The frequency of MSI was 3.1% (4/129) in this study, which is lower than previous reports [29]. It is unclear whether MSI is a reliable proxy for loss of MMR in ovarian cancer. Some studies have identified MSI-H in more than 60% of ovarian epithelial tumors, while MMR protein expression was intact in a subset of these cases [30], and MSI is also found in more than 50% of normal ovarian tissues [3031]. Other studies have found a lower MSI-H frequency of 10%–20% [2732]. These differences may depend on the patient population and evaluation method. In fact, we used different MSI markers to those recommended by the National Cancer Institute and this may have caused a discrepancy in MSI status in this study.

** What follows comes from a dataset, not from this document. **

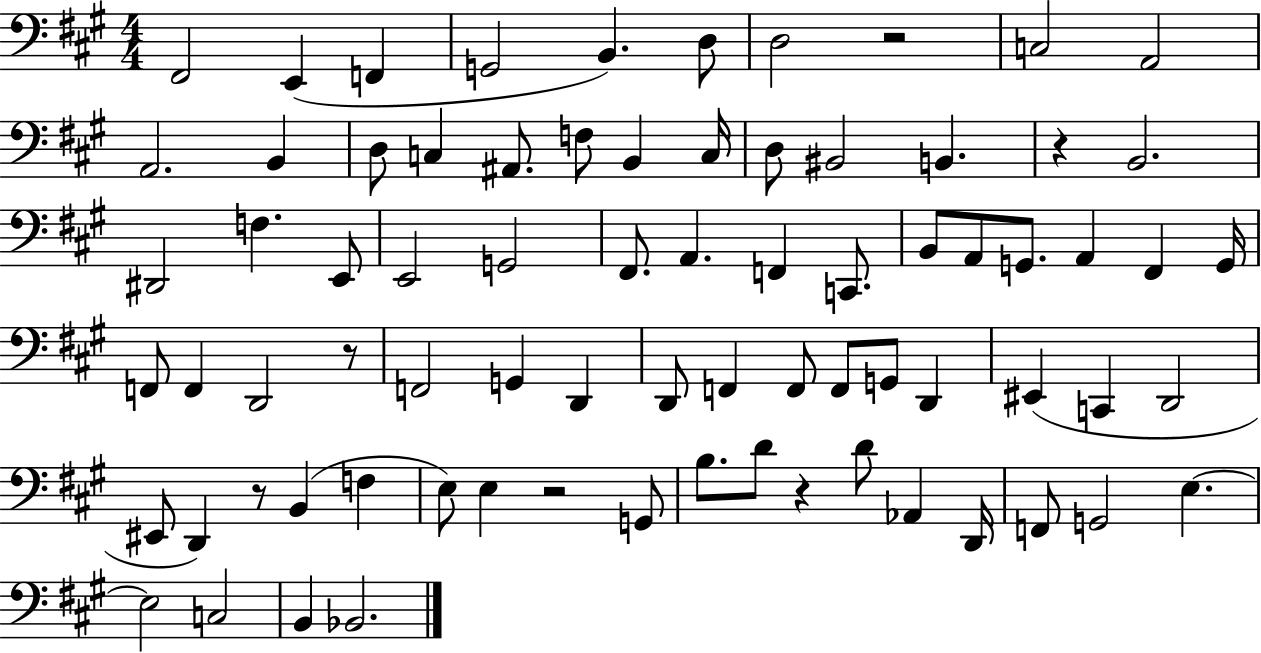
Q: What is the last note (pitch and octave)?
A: Bb2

It is well-known that serous ovarian cancer is the most common histological type in western country and endometrioid and clear cell carcinoma is more common in Asia, especially in Japan. Recent reports showed that 42.3% of ovarian cancer was endometrioid or clear cell carcinoma and it was increasing in this decade in Japan [33]. The frequency of endometrioid or clear cell carcinoma was relatively high (58.9%; 75/129) in this research. It may be due to small sample size and high frequency of endometrioid endometrial and ovarian double primary cancer. This synchronous or metachronous endometrial and ovarian cancer is known to show endometrioid histological type in more than 50%–80% cases [343536]. We had 7.0% (9/129 cases) of synchronous or metachronous endometrial and ovarian cancer in this research and it is similar to previous report that synchronous endometrial and ovarian cancer is account for 10% of all ovarian cancer patients [37]. Also, previous reports showed that Lynch syndrome is included in about 10% of synchronous endometrial and ovarian cancer [343839]. There is no contradiction that 2 of 9 synchronous and metachronous endometrial and ovarian cancer patients showed abnormal MSI and IHC test and one case showed MSH2 germline mutation. This synchronous or metachronous endometrial and ovarian cancer is difficult to diagnose even it is based on Ulbright and Roth criteria and Scully's definition. Recent investigation showed the genetical clonality of clinically diagnosed synchronous endometrial and ovarian cancer, indicating single primary tumor with metastasis [40]. Considering a relative high frequency of synchronous endometrial and ovarian cancer in patients with genetically high risk of Lynch syndrome, we must carefully diagnose ovarian cancer whether it is primary or metastatic to assess the risk of Lynch syndrome correctly.

In conclusion, this is the first investigation of screening for Lynch syndrome in ovarian cancer using clinical and family history in an Asian population. Diagnosis using this method may be effective for detecting Lynch syndrome in patients with ovarian cancer.